Short descriptive text snippets

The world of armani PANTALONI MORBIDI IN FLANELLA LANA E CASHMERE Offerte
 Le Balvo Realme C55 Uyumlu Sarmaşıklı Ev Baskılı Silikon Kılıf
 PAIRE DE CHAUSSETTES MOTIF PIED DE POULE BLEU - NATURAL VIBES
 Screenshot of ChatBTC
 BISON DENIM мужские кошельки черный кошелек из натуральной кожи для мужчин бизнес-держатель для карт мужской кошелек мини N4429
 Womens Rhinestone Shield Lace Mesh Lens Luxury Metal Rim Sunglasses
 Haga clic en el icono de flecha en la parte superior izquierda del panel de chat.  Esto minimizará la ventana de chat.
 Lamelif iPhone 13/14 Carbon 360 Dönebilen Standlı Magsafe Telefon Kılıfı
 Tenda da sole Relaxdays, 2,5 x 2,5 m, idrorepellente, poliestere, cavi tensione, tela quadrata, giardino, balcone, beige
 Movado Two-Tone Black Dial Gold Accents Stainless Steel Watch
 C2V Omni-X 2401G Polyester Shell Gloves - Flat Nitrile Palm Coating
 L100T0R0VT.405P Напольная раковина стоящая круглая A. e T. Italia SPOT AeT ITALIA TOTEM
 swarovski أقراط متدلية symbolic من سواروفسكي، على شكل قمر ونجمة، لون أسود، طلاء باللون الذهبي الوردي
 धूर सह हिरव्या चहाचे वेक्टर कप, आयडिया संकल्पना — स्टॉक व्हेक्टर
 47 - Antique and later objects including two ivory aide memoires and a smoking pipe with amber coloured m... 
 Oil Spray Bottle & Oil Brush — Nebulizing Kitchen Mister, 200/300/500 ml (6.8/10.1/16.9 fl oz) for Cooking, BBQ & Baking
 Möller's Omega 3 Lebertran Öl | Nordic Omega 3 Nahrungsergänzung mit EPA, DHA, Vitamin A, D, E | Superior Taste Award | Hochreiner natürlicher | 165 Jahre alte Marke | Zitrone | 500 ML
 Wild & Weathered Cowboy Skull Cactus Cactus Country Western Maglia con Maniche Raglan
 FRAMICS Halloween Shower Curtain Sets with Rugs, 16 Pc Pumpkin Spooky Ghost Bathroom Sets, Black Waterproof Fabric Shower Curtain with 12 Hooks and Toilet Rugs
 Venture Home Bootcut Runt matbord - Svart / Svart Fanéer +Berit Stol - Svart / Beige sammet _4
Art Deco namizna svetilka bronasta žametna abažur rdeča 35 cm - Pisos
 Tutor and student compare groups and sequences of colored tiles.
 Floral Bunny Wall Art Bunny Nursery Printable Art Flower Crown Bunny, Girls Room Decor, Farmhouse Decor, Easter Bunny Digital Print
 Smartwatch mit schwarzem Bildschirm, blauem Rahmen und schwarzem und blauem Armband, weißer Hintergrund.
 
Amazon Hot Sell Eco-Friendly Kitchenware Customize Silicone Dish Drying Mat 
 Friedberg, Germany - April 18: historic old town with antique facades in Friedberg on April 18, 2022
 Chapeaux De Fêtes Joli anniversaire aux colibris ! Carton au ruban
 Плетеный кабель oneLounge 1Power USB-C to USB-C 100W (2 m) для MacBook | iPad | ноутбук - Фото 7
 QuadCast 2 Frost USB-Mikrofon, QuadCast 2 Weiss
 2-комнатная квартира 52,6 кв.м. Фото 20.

WHAT IS EXPECTED.
Beginning with the first line of the entries, repeat each line exactly until you have reproduced the one containing "Amazon Hot Sell", and add nothing further.

TASK SOLUTION.
The world of armani PANTALONI MORBIDI IN FLANELLA LANA E CASHMERE Offerte
 Le Balvo Realme C55 Uyumlu Sarmaşıklı Ev Baskılı Silikon Kılıf
 PAIRE DE CHAUSSETTES MOTIF PIED DE POULE BLEU - NATURAL VIBES
 Screenshot of ChatBTC
 BISON DENIM мужские кошельки черный кошелек из натуральной кожи для мужчин бизнес-держатель для карт мужской кошелек мини N4429
 Womens Rhinestone Shield Lace Mesh Lens Luxury Metal Rim Sunglasses
 Haga clic en el icono de flecha en la parte superior izquierda del panel de chat.  Esto minimizará la ventana de chat.
 Lamelif iPhone 13/14 Carbon 360 Dönebilen Standlı Magsafe Telefon Kılıfı
 Tenda da sole Relaxdays, 2,5 x 2,5 m, idrorepellente, poliestere, cavi tensione, tela quadrata, giardino, balcone, beige
 Movado Two-Tone Black Dial Gold Accents Stainless Steel Watch
 C2V Omni-X 2401G Polyester Shell Gloves - Flat Nitrile Palm Coating
 L100T0R0VT.405P Напольная раковина стоящая круглая A. e T. Italia SPOT AeT ITALIA TOTEM
 swarovski أقراط متدلية symbolic من سواروفسكي، على شكل قمر ونجمة، لون أسود، طلاء باللون الذهبي الوردي
 धूर सह हिरव्या चहाचे वेक्टर कप, आयडिया संकल्पना — स्टॉक व्हेक्टर
 47 - Antique and later objects including two ivory aide memoires and a smoking pipe with amber coloured m... 
 Oil Spray Bottle & Oil Brush — Nebulizing Kitchen Mister, 200/300/500 ml (6.8/10.1/16.9 fl oz) for Cooking, BBQ & Baking
 Möller's Omega 3 Lebertran Öl | Nordic Omega 3 Nahrungsergänzung mit EPA, DHA, Vitamin A, D, E | Superior Taste Award | Hochreiner natürlicher | 165 Jahre alte Marke | Zitrone | 500 ML
 Wild & Weathered Cowboy Skull Cactus Cactus Country Western Maglia con Maniche Raglan
 FRAMICS Halloween Shower Curtain Sets with Rugs, 16 Pc Pumpkin Spooky Ghost Bathroom Sets, Black Waterproof Fabric Shower Curtain with 12 Hooks and Toilet Rugs
 Venture Home Bootcut Runt matbord - Svart / Svart Fanéer +Berit Stol - Svart / Beige sammet _4
Art Deco namizna svetilka bronasta žametna abažur rdeča 35 cm - Pisos
 Tutor and student compare groups and sequences of colored tiles.
 Floral Bunny Wall Art Bunny Nursery Printable Art Flower Crown Bunny, Girls Room Decor, Farmhouse Decor, Easter Bunny Digital Print
 Smartwatch mit schwarzem Bildschirm, blauem Rahmen und schwarzem und blauem Armband, weißer Hintergrund.
 
Amazon Hot Sell Eco-Friendly Kitchenware Customize Silicone Dish Drying Mat 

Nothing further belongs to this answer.